*What the exercise asks*
Below are several entries. Transcribe exactly those lines that fall from the one with "British Natural Dried" through the one with "Vendredi 03 Août 2012", end lines included.

[Scraped caption text data]
════════════════════

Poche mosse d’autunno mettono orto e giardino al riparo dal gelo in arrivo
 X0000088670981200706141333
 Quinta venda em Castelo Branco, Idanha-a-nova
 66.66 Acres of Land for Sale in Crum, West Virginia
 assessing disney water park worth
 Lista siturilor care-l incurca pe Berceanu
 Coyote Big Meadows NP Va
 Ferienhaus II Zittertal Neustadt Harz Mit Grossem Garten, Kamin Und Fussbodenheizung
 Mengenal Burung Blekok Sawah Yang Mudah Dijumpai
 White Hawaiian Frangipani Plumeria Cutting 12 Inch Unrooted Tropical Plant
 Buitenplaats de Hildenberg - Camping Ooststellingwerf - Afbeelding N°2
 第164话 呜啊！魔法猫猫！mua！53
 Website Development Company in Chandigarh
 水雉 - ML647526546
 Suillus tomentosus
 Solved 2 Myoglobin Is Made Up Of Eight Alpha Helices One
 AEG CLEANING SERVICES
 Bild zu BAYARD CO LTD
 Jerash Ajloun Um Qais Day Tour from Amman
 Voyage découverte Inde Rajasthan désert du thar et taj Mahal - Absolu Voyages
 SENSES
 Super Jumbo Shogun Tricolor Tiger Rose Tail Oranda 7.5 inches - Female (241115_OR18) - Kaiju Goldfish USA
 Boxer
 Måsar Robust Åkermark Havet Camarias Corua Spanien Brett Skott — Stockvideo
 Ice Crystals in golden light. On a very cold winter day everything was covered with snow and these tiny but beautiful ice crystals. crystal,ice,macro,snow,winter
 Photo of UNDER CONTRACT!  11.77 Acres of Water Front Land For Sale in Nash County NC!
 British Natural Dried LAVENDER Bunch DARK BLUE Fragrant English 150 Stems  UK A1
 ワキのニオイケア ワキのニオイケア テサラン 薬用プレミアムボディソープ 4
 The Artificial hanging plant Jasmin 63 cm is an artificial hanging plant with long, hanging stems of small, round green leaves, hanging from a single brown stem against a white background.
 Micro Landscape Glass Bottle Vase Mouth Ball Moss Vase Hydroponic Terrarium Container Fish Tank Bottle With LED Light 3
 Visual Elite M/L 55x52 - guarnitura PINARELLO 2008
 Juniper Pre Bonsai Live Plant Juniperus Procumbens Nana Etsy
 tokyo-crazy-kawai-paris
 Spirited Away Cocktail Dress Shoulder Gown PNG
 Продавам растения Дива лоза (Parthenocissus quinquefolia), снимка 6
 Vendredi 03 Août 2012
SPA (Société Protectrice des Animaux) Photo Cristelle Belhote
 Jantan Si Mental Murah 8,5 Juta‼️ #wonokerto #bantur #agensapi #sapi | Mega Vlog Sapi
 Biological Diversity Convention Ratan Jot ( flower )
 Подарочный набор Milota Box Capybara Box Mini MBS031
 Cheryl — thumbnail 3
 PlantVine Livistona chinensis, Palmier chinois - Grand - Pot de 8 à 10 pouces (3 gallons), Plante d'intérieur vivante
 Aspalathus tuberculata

════════════════════

*Solution to this exercise*
 British Natural Dried LAVENDER Bunch DARK BLUE Fragrant English 150 Stems  UK A1
 ワキのニオイケア ワキのニオイケア テサラン 薬用プレミアムボディソープ 4
 The Artificial hanging plant Jasmin 63 cm is an artificial hanging plant with long, hanging stems of small, round green leaves, hanging from a single brown stem against a white background.
 Micro Landscape Glass Bottle Vase Mouth Ball Moss Vase Hydroponic Terrarium Container Fish Tank Bottle With LED Light 3
 Visual Elite M/L 55x52 - guarnitura PINARELLO 2008
 Juniper Pre Bonsai Live Plant Juniperus Procumbens Nana Etsy
 tokyo-crazy-kawai-paris
 Spirited Away Cocktail Dress Shoulder Gown PNG
 Продавам растения Дива лоза (Parthenocissus quinquefolia), снимка 6
 Vendredi 03 Août 2012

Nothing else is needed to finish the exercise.